June 20, 2012

June Is Lesbian, Gay, Bisexual, Transgender, And Queer Pride Month

June is LGBT Pride Month. It is a time to celebrate the world's progress toward equality for LGBT people, and to reflect on the road ahead to full equality.

Print More

gay pride flag

June is LGBT Pride Month.  That means that just as summer is kicking off each year, hundreds of thousands of lesbian, gay, bisexual, transgender (LGBT), and queer  people around the world are celebrating.  Indeed, given the progress toward equality for LGBT and queer people, especially over the past 60 years in the US, there is a great deal to celebrate.  But, Pride Month is also a time to reflect on the ways in which the world is still far from true sexual and gender equality.

A Brief History Of LGBT Pride In The US

Sustained organization among LGBT people first began with the Homophile Movement — efforts of lesbian, gay, and bisexual people of the 1950s through late 1960s to be free of discrimination and police harassment.  The quiet and largely secretive efforts of Homophile activists became history upon the emergence of the Gay Liberation Movement.

One night in late June of 1969, a small group of LGBT patrons of the Stonewall Inn, a gay bar in New York City, fought back against a police raid of the bar (a common occurrence of the day).  This resistance, now called the Stonewall Riots, became the spark that led to the creation of the Gay Liberation Movement, and became an annual celebration of gay pride that spread across the US, and eventually globally.  It is important to note that one aspect of the story of the riots that is often missed is that many in the group who initially started the rioting against police were Black and Latina/o transgender and genderqueer people.

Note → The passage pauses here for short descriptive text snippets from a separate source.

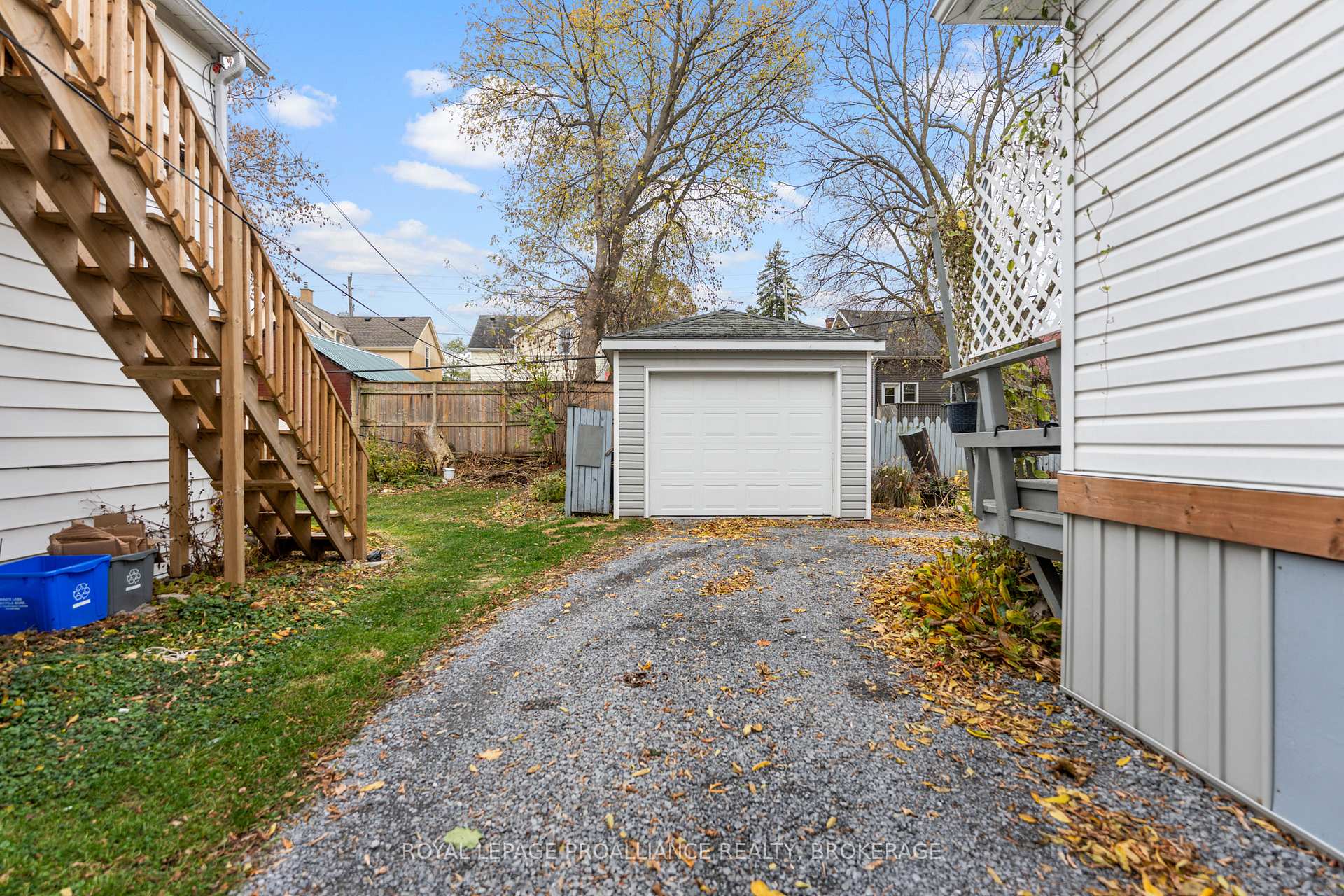 Photo 38 of 58 Stanley Street, Kingston, East of Sir John A. Blvd — HOMEH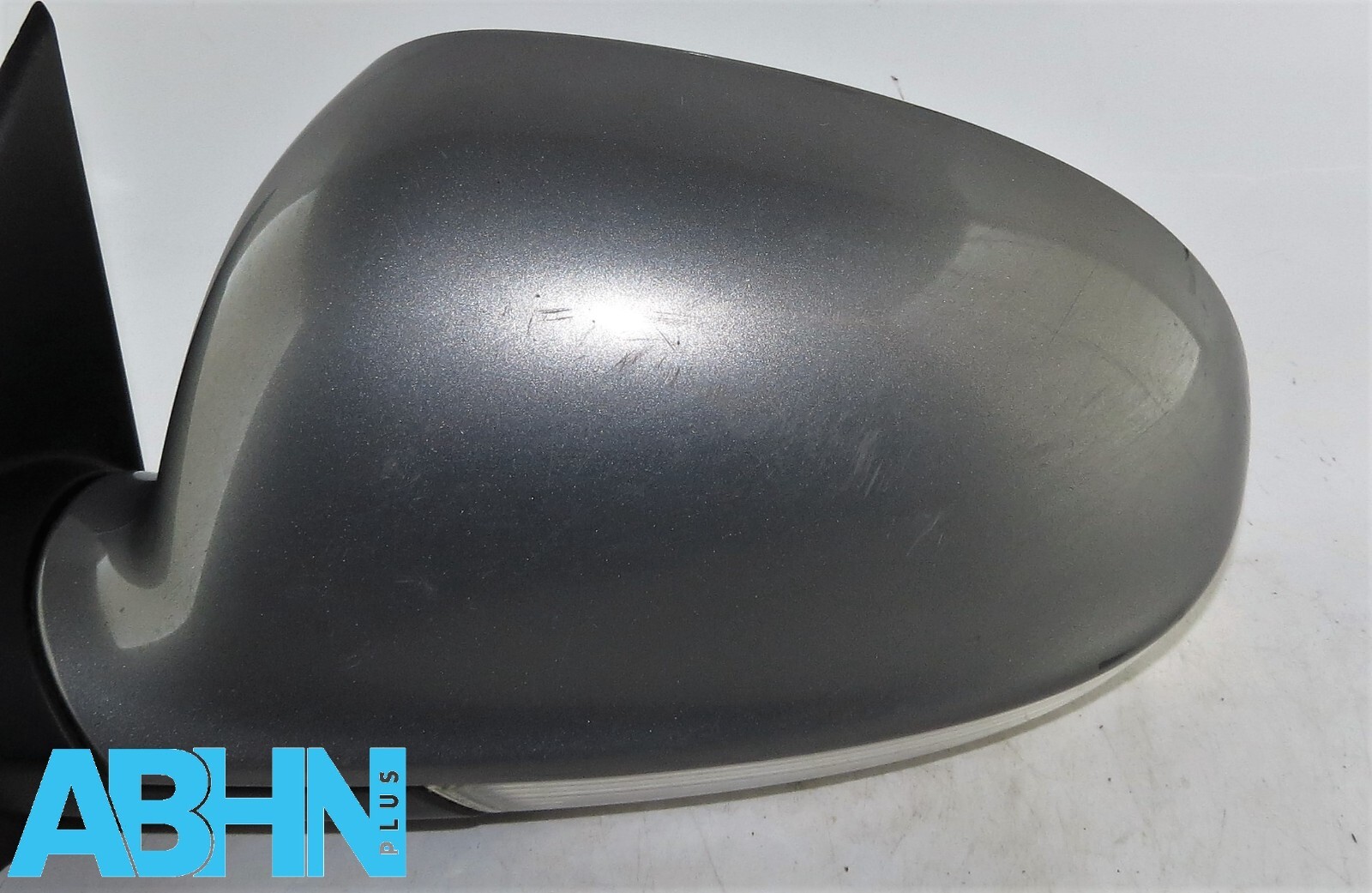 VW Passat B5.5 (2003-2005) Left Side Electric Heated Door Mirror Met United Grey - Image 4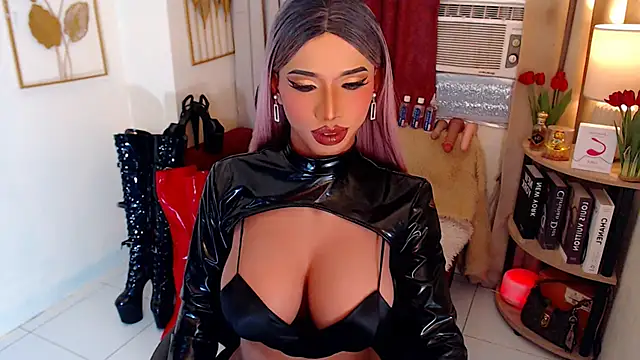 KYLINE WIILLS online show from April 5, 7:55 pm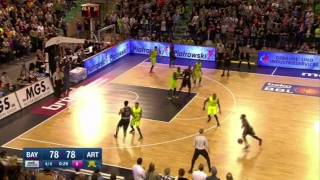 Buzzerbeater David Holston mit dem Buzzerbeater zum Sieg [upl. by Iolande72]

From the 1980s through the 1990s, the focus of LGBT activists and organizations shifted toward fighting for care and effective treatments for people living with HIV/AIDS, and against efforts at the local, state, and national levels to prevent LGBT people from having equal rights.  Much of the focus from the 1990s onward has been on pushing for equal rights for LGBT people and relationships under the law, greater positive visibility of LGBT people in the media, and protection for LGBT people against discrimination and violence, as well as general acceptance of LGBT people in society.

A Time To Celebrate

In looking at the lives of LGBT and queer people today compared to the past, there is much to be celebrated.  There has been tremendous change in the US:  shifting attitudes towards favoring equal rights for LGBT people (including marriage); the repeal of the US military’s policy to prevent LGB people from openly serving; growing protection for LGBT people from discrimination; and, increasing positive representation of LGBT people in media and politics.  Recently, the US reached a new level of support for equality for LGBT people with President Barack Obama’s support for same-sex marriage, his annual declaration of LGBT Pride Month, and Secretary of State Hillary Clinton’s advocacy for LGBT people globally at the United Nations.

More Work To Be Done

Although many gains have been made over the past 60 years in the US, there are still many ways in which LGBT and queer people are not treated equally.  Despite gains in law and politics, same-sex marriage is illegal, yet discrimination against LGBT people is legal, in most US states.  Many LGBT people face prejudice, discrimination, and violence, leading to economic and health costs, including suicide.  Some are pressured or forced to undergo therapy to change their sexual orientation, despite evidence that such a change is impossible and attempting to do so is harmful.  And, sadly, some countries prevent LGBT and queer people from openly celebrating pride and, worst of all, some places continue to criminalize homosexuality (sometimes punishable by death).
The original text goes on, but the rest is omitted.